The event was followed by widespread protests in various areas of Albania and Greece. The perpetrator of the murder, Panagiotis Kladis, initially sentenced to life imprisonment, had his sentence reduced to 22 years by the Greek courts in early 2010.

==Incident==
On September 4, 2004, after the victory of the Albania national football team against Greece, Gramoz Palushi, his brother, and another Albanian were attacked on the island of Zakynthos by Greek-American Panagiotis Kladis and another Greek fan. Gramoz Palushi was stabbed to death by Kladis, while the other two Albanians were injured. The Greek police arrested both individuals for the attack. In 2006, Panagiotis Kladis was initially sentenced to life imprisonment and in 2010 reduced to 22 years for committing murder, while his accomplice was sentenced to ten months in prison and three years of probation.

==Reactions==
The first autumn session of the Albanian parliament began with the publication of a declaration of the deputies condemning Palushi's death. In Thessaloniki hundreds of demonstrators took part in protests held by the Albanian Immigrant Forum and Greek anti-racist groups while two days later anti-racist groups occupied the office of Panagiotis Psomiadis, who was then prefect of Thessaloniki. In Athens more than 2000 immigrants and members of Greek anti-racist groups marched on the Greek parliament to protest against racism. During the protest some anarchist groups hurled Molotov bombs at riot police that was following the protesters, while no arrest and injuries were reported. Similar protests were held in Chania and Ioannina.
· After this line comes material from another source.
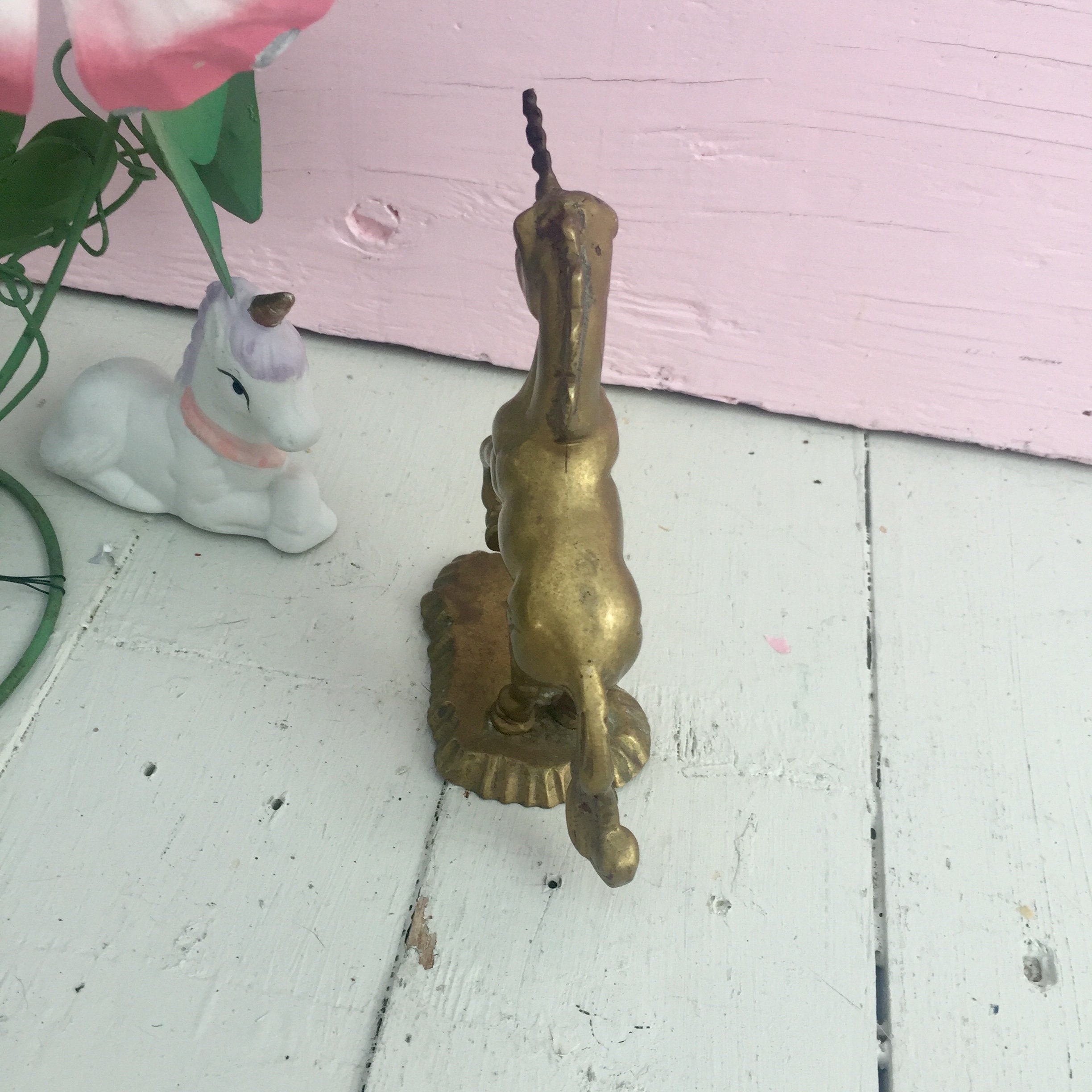 Vintage Brass Unicorn, 5.5 inch Brass Unicorn, Vintage Unicorn Figurine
In Albania youth organization held rallies in Tirana marching to the Mother Teresa Square to condemn Palushi's murder, while hundreds of people attended his funeral. The Albanian Youth Council asked Edi Rama, the mayor of the city to rename a street near the Qemal Stafa Stadium, where the match took place, after Gramoz Palushi. Additionally the Albania national football team donated 10,000 US$ to Palushi's family and the Albanian Football Association requested from FIFA to give permission to Albania to wear black mourning ribbons during its next match with Georgia.